■ **The task**: Whenever a line below holds the word "para", copy that line.

(Input for this task begins)

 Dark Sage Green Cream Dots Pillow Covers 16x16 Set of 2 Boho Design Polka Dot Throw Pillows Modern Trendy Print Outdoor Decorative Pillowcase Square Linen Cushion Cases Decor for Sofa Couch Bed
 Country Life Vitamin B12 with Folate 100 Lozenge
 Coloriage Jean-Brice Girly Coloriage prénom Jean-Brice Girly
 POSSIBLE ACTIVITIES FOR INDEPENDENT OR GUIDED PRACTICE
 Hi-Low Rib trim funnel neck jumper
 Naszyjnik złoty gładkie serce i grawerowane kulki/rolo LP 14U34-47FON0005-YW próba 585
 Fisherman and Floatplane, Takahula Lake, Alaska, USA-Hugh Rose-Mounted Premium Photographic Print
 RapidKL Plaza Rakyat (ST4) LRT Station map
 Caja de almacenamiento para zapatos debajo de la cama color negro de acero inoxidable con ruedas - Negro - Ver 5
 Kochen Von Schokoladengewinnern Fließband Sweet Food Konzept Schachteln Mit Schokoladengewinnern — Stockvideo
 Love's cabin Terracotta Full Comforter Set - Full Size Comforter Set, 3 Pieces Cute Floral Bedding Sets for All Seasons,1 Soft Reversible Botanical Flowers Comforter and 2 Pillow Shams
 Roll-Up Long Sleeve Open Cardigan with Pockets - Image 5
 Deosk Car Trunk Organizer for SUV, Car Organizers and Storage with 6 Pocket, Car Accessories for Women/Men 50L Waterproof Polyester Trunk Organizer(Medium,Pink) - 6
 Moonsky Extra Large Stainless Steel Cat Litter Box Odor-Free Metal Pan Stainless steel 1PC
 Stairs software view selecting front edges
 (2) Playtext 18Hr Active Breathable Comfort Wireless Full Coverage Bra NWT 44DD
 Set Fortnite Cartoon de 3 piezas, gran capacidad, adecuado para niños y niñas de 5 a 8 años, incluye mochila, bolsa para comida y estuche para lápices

(Input for this task ends)

■ **Solution below**:
 Caja de almacenamiento para zapatos debajo de la cama color negro de acero inoxidable con ruedas - Negro - Ver 5
 Set Fortnite Cartoon de 3 piezas, gran capacidad, adecuado para niños y niñas de 5 a 8 años, incluye mochila, bolsa para comida y estuche para lápices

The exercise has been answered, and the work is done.